21. Thirdly, the respondent did not go to Gatundu Hospital until the following day as per the outpatient card (plaintiff’s exhibit 1). It thus remains doubtful what time and at which place she sustained the soft tissue injuries.

22. Fourthly, the respondent had worked at the farm for about 10 years. She thus assumed some risks incidental to her contract of employment. It remained her primary duty to keep a safe look out. Even assuming that she slid and fell in the farm as originally pleaded, it would be unreasonable in the circumstances to blame her employer.

23. The duty of the employer to ensure the safety of an employee is not absolute; it is one of reasonable care against a foreseeable risk or one that can be avoided by taking reasonable measures or precautions. It would be absurd to expect an employer to be his employee’s insurer round the clock. See Halsbury’s Laws of England 4th edition volume 16 paragraph 562, Mwanyule v Said [2004] KLR 1, Arkay Industries Ltd v Amani [1990] KLR 309.

24. The legal burden of proving negligence; or, breach of any statutory duty of care fell squarely on the respondent’s shoulders. See section 107 of the Evidence Act. From my re-appraisal of the evidence and the reasons I have outlined above, I find that the respondent suffered injuries but she was unable to prove a balance of probabilities that they were sustained on 3rd May 2010 at the appellant’s Ruera Estate.

25. With tremendous respect to the learned trial magistrate, his finding that the respondent’s evidence was uncontroverted; or, that the appellant was to blame at 85% or at all for the alleged accident is not supported by the record. In the end, I am not satisfied that the appellant was negligent or failed to provide a safe working system.

26. I will now turn to quantum of damages. An appellate court will not interfere with quantum of damages unless the award is so high; or, inordinately low; or, founded on wrong principles.Butt v Khan [1982-88] KAR 1.

27. From the two medical reports by Dr. Ikonya and Dr. Madhiwala (Plaintiffs exhibits 2 (a) and 3) the respondent suffered soft tissue injuries on the right shoulder, chest and back which had healed. The treatment given comprised of analgesics. I thus find, with respect, that the general damages awarded by the lower court of Kshs 150,000 were too high as to disclose an error of principle.

28. In Peter Kahugu & another v Ongaro, High Court, Nairobi, Civil Appeal 676 of 2000 [2004] eKLR, Kshs 80,000 was awarded for multiple soft tissue injuries.

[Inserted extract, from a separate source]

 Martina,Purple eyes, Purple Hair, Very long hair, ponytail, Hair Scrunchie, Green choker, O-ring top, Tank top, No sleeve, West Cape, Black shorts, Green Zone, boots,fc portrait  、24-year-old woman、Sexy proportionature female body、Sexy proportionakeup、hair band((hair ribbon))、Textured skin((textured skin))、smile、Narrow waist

In Timsales Ltd v Penina Omondi, High Court, Nakuru, Civil Appeal 192 of 2008 [2011] eKLR, the respondent suffered a deep cut wound on the left index finger and severe soft tissue injuries. The High Court reduced the general damages to Kshs 60,000.

29. Granted the injuries in this case an award of Kshs 50,000 would have been sufficient. The special damages of Kshs 3,000 were specifically pleaded and strictly proved by the respondent.

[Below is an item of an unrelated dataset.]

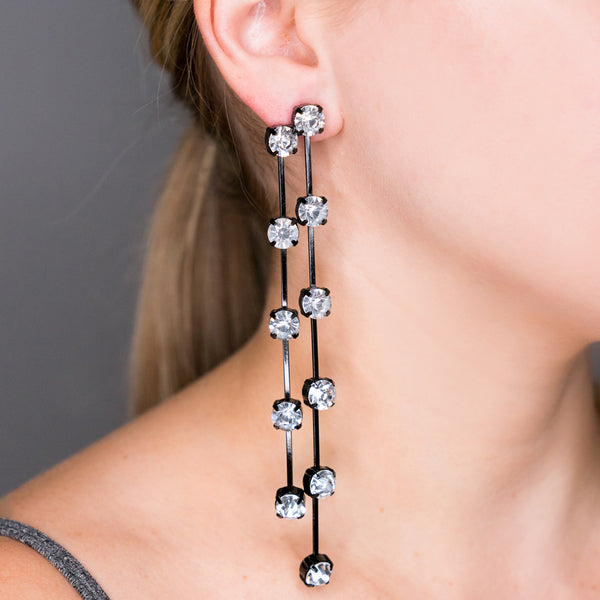 Black and Crystal Double Row Earrings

30. But that is now water under the bridge: The respondent having failed to establish liability, this appeal must succeed.  I hereby set aside the judgment and decree of the lower court dated 4th July 2010. I substitute it with an order dismissing the respondent’s case in the lower court.

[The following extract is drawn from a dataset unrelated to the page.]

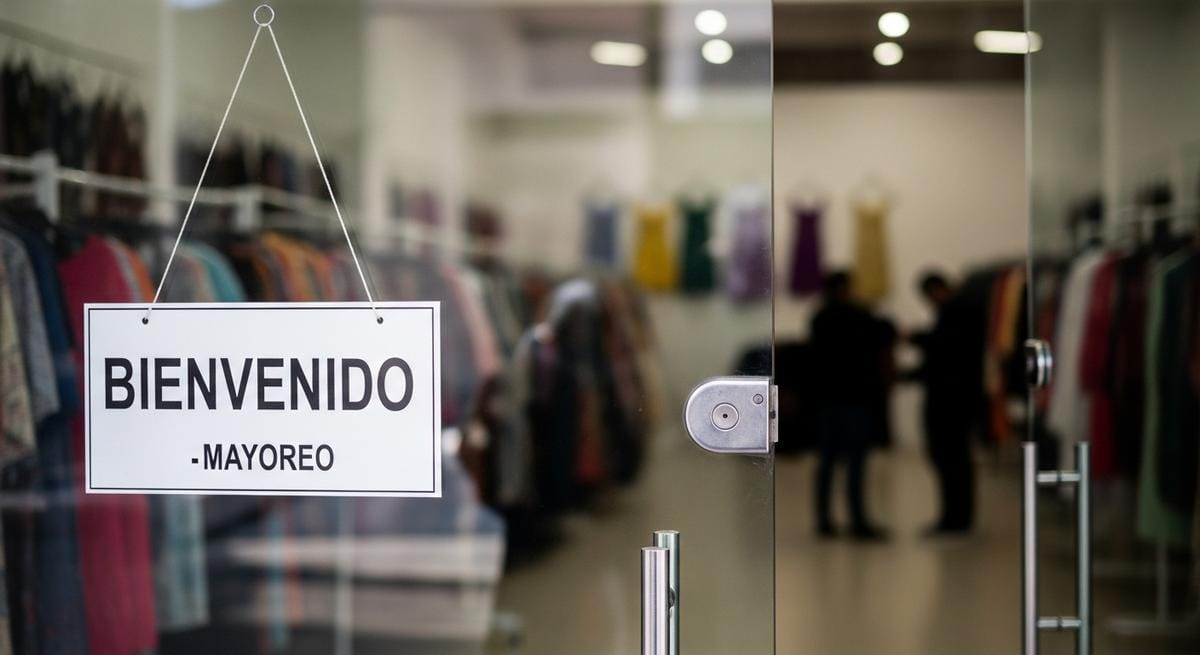 Entrada abierta de establecimiento mayorista con letrero de bienvenida y racks de ropa visible al interior, representando accesibilidad para emprendedores nuevos.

31. Costs follow the event and are at the discretion of the court. I will grant the appellant costs in the lower court; and, also in this appeal.

It is so ordered.

DATED, SIGNED and DELIVERED at MURANG’A this 9th day of July 2020.

KANYI KIMONDO

JUDGE

ORDER

Notice of delivery of this judgment was transmitted to the parties’ email addresses. In light of the declaration of measures restricting court operations due to the COVID-19 pandemic and following the Practice Directions issued by his Lordship, the Chief Justice dated 17th March 2020 and published in the Kenya Gazette of 17th April 2020 as Gazette Notice No. 3137, this judgment has been delivered to the parties by electronic mail. The parties filed a consent dated 5th June 2020 waiving compliance with Order 21 Rule 1 of the Civil Procedure Rules which requires that all judgments and rulings be pronounced in open court.

KANYI KIMONDO

JUDGE

Judgment read in chambers in the presence of:

Ms. Dorcas Waichuhi, Court Assistant.